CFRP, C-C-SS-SS Rectangular Plates, Mode Shape, Nonlinear Free Vibration, Laminate Theory

1. Introduction

The geometrically nonlinear vibration of structures is of continuing interest, due to the tendency to build more reliable structures, with high strength, high stiffness, and low weight such as composites. Such new materials have a more accentuated nonlinear behavior [1] - [6] . It is then necessary to develop new design concepts, taking into account the nonlinear behavior induced by large vibration amplitudes, which may occur for example in severe environments. The large displacement amplitudes induce geometrical nonlinearity that is mainly caused by the development of in-plane membrane stresses. In such cases, one of the basic assumptions of the linear vibration theory, i.e. small displacement amplitudes compared to the plate thickness is violated. Therefore, it is of crucial theoretical and practical interest, to develop new approaches which take into account the membrane stress effect, neglected in the classical treatment of plate vibrations. Even though the vibration of plates overall has interested researchers for a long time, the exact linear solutions are known only for the six cases having two opposite edges simply supported corresponding to a square plate or a rectangular plate [7] [8] . Also, as has been mentioned in the study made by Leissa in 1973 [7] , it was pointed out that until 1954, when Warburton derived his formulae based on a single-term representation of the deflection shapes for the natural frequencies of plates with various boundary conditions, no solution, even approximate, was known for six boundary condition cases. The general accuracy of Warburton’s formulae is discussed in references [7] [8] .

A great deal of studies and a wide program of experimental work carried out by White and his co-workers [9] - [18] has been developed in order to understand the dynamic behavior of homogeneous and CFRP beams and plates. In Chia’s book [19] , an extensive information is given on the nonlinear analysis of plates, with presentation of a variety of geometrically nonlinear static and dynamic problems. Also, a survey was presented of the literature on the geometrical nonlinear analysis of laminated composite elastic plates in reference [20] . In Sathyamoorthy’s work [21] , a review was presented which deals with analytical, numerical and experimental methods used in the geometrically nonlinear dynamic analysis of plates.

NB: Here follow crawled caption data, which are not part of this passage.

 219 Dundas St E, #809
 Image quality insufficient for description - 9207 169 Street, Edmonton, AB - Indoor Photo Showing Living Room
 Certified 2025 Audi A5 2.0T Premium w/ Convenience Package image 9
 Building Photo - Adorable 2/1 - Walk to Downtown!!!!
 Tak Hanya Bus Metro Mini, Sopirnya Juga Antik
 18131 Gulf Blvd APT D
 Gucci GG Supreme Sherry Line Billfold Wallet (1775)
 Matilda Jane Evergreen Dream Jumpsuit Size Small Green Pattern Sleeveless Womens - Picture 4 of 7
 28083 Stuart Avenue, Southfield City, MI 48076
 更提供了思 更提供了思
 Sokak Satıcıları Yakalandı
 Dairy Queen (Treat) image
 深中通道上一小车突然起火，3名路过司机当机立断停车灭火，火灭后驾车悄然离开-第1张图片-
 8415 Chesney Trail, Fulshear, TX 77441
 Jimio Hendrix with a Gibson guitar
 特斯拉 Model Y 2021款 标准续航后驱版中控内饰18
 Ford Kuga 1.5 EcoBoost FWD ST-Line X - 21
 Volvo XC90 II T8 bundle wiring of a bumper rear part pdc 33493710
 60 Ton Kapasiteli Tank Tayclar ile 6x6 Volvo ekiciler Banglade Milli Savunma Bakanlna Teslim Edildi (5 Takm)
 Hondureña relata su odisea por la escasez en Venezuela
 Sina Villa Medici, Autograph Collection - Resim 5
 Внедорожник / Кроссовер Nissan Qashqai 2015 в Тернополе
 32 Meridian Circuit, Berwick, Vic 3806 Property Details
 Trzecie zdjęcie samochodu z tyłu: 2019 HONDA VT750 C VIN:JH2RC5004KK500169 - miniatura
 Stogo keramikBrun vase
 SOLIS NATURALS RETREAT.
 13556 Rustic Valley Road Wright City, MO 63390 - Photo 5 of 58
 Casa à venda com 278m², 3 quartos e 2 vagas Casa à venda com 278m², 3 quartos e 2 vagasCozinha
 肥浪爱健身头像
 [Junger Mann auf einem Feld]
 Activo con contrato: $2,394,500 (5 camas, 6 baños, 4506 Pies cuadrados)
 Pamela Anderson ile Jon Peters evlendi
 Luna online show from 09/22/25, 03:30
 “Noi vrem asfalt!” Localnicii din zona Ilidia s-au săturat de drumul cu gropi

In recent works carried out by F. Alijani and M. Amabili [22] [23] in 2013, nonlinear vibrations of completely free laminated and sandwich rectangular plates are investigated using a multi-modal energy approach based on Lagrange equations and by using classical and higher-order shear deformation theories [24] with von Karman type nonlinearities [25] .

In several engineering applications, large vibration amplitudes of plate-type structures are encountered especially in the aerospace sector. The plates are assumed to be whether fully or partially free, simply supported, or clamped. The clamped boundary conditions assume that both displacements and rotations are prevented. In exchange, the simply supported boundary conditions assume that displacements are allowed, but rotations are not. In practice, it is extremely hard to achieve both cases [26] , because the real plate boundaries are neither completely clamped nor simply supported. So, in most cases, the real boundary conditions are a combination of clamped, simply supported, or free conditions. As a real illustrative example of the combination of the boundary conditions, aircraft wing panels may be mentioned [27] .

The purpose of this paper is to apply the theoretical model developed in references [1] - [3] in order to analyze the geometrically nonlinear free dynamic response of C-C-SS-SS rectangular CFRP symmetrically laminated plates so as to investigate the effect of nonlinearity on the nonlinear resonance frequencies, the nonlinear funda- mental mode shape and associated bending stress patterns at large vibration amplitudes. Various values of the plate aspect ratio and the amplitude of vibration will be considered, and useful numerical data will be provided.

2. General Formulation of the Geometrically Nonlinear Free Vibration of C-C-SS-SS Symmetrically Laminated Rectangular Composite Plates

2.1. Constitutive Equation at Large Deflections

Consider the transverse vibration W of the plate of dimensions a, b and H shown in Figure 1 with a coordinate system taken such that the xy plane coincides with the mid-plane of the plate.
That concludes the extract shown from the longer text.